I have personnel data from headcount, leavers, time in grade, performance and rankings, maternity temporary leaves maybe university of the hires, promotions etc. And I am building a Diversity Dashboard splitting all that data by gender in Tableau. What I want to do is to step further and apply predictive analytics. But I need ideas about how to do it, Im learning python so that wouldn’t be a problem if I need to learn doing something with python how can I start ? Confident with alteryx and SQL
Bowl Leader
Get someone who knows what they're doing on the team. Experiment for personal growth, but don't deliver anything beyond the dashboard unless you get it vetted by a statistician and legal. You're working on data that's very touchy from both a legal and PR standpoint. Mistakes here can seriously damage both the firm and the client.
If you are going to experiment, start with any short intro ML or statistics course. Doesn't really matter which if you're at the point where you're not sure where to start.
How big is the data set ? rows ? variables ? Can you start with some basic regression in excel ?
Tables are in SQL , for example we have monthly headcount since 2010, so near to 300,000 . But needs cleaning and have inconsistencies, currently working with July 2018 to today. Variables are level, gender line of business , group, maybe age, university, tier/ranking, commentaries about performance , productivity, hire and promotion dates
Not saying I would model that in Excel [you could as a starting point] but that’s a small data set. I would get into into a tool where you could see, work with the data
Thanks That’s something that I constantly remember working with hr data, I’m going to dig into it
Seriously, figure out what you’re doing before you start communicating “findings”. I can’t tell you how many times I’ve seen these sort of findings being discussed, with no foundation whatsoever, other than a simple observation that has no statistical backing.
People seem to be aware of the phrase “correlation is not causation”, but then dismiss the idea as soon as they have an observation that fits their hypothesis or world view, more generally.
For example, let’s say you observe that, on average, gender A has a higher salary than gender B. Some might get all excited at this point and start screaming “gender inequality”. However, this observation means nothing.

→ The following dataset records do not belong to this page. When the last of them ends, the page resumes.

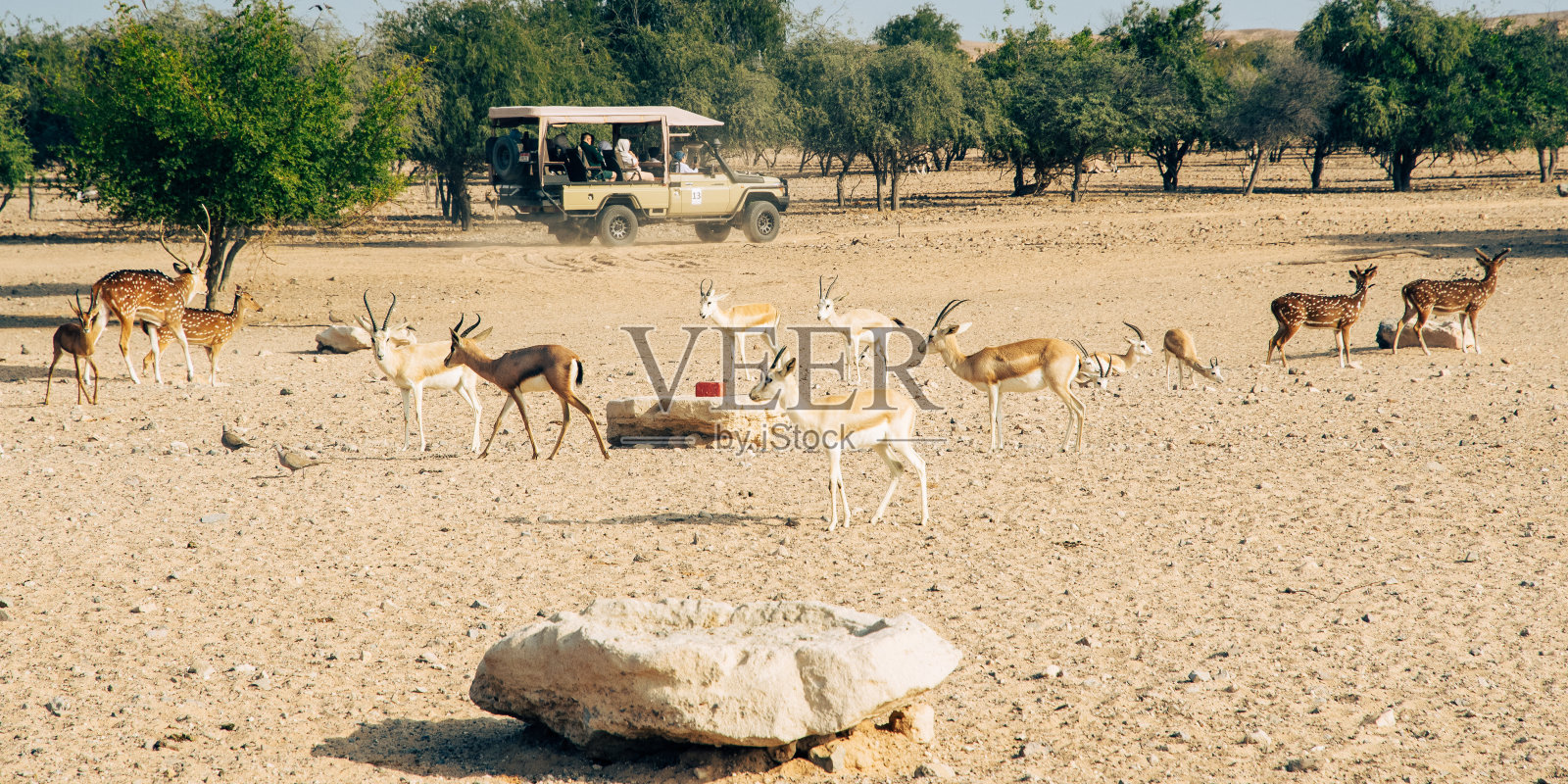 巴尼·亚斯爵士的羚羊照片摄影图片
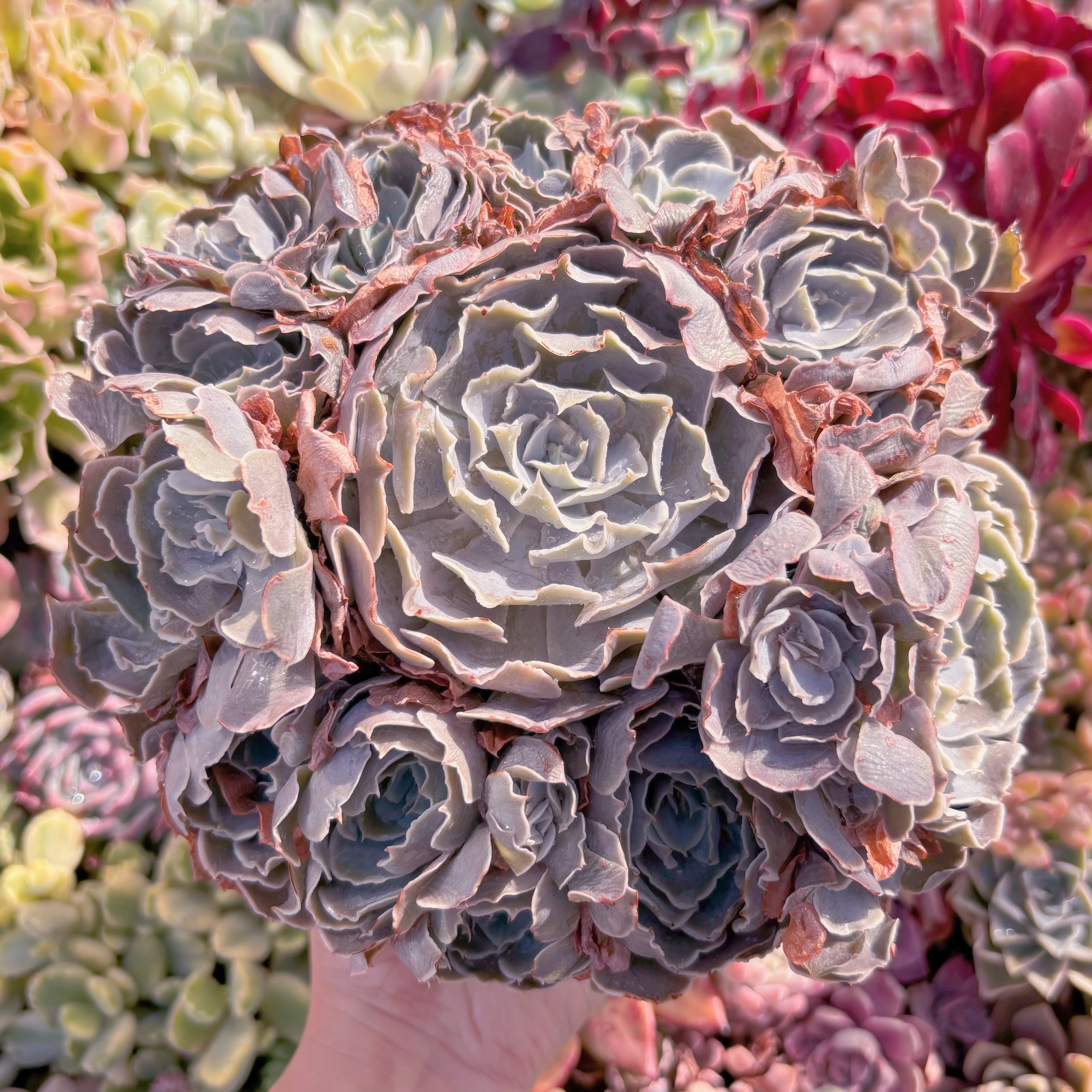 現品　Echeveria shaviana 'Truffles'#588　特大群生　るる農園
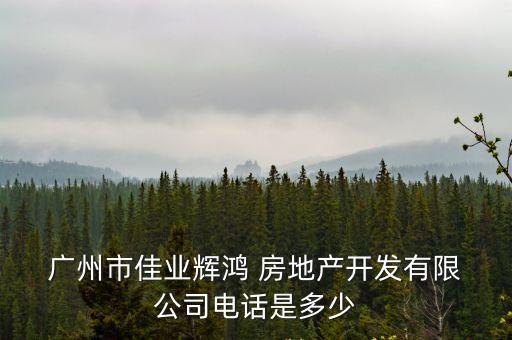  廣州市佳業輝鴻 房地產開發有限 公司電話是多少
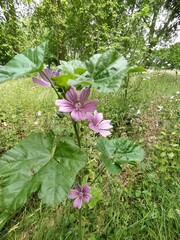 Malva
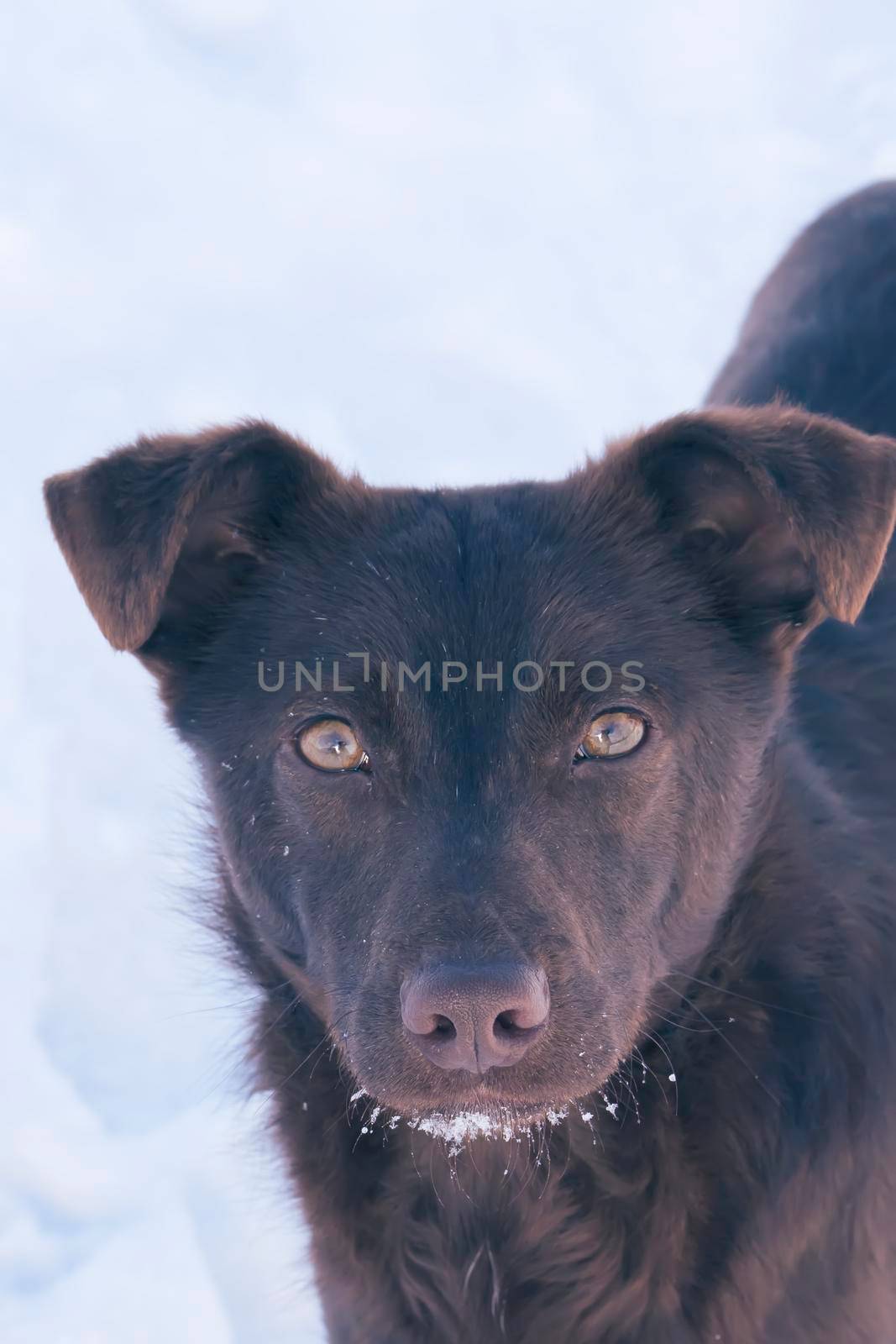 A dog outdoors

It could be the case, hypothetically, that a disproportionate number of individuals of gender A live in higher cost of living cities or are aligned to higher- value (financially) practices in a firm (like strategy vs operations). These are what you might call confounding variables. Proper statistical analysis will flush these out.
Now to attempt to answer your question, try regression, which will help you to understand which independent variables drive variation in whatever output variables you what to explore (and to what degree). Taking my example above, the output variable would be salary. The inputs, or independent variables, might be location, organizational group, years of experience, etc. If you have the “right” data, you will be able to figure this out. But, it could be the case that you don’t have the right data, which you’ll discover in a low R squared value for your regression model.
What exactly are you trying to predict here? What are your hypotheses? Figuring out how to code a regression model is easy, what will take more time is understanding the ethics and implications of what you’re doing. Look into confirmation bias, unbalanced datasets, and overall ethics. HR data is not something to play with if you don’t know what you’re doing. I’d be really annoyed to find out some random person in the firm is predicting my tenure at the firm or future salary growth based off a few scarce data points. I can already tell maternity leave data is going to disproportionately affect your prediction results given that many women are let go when taking it.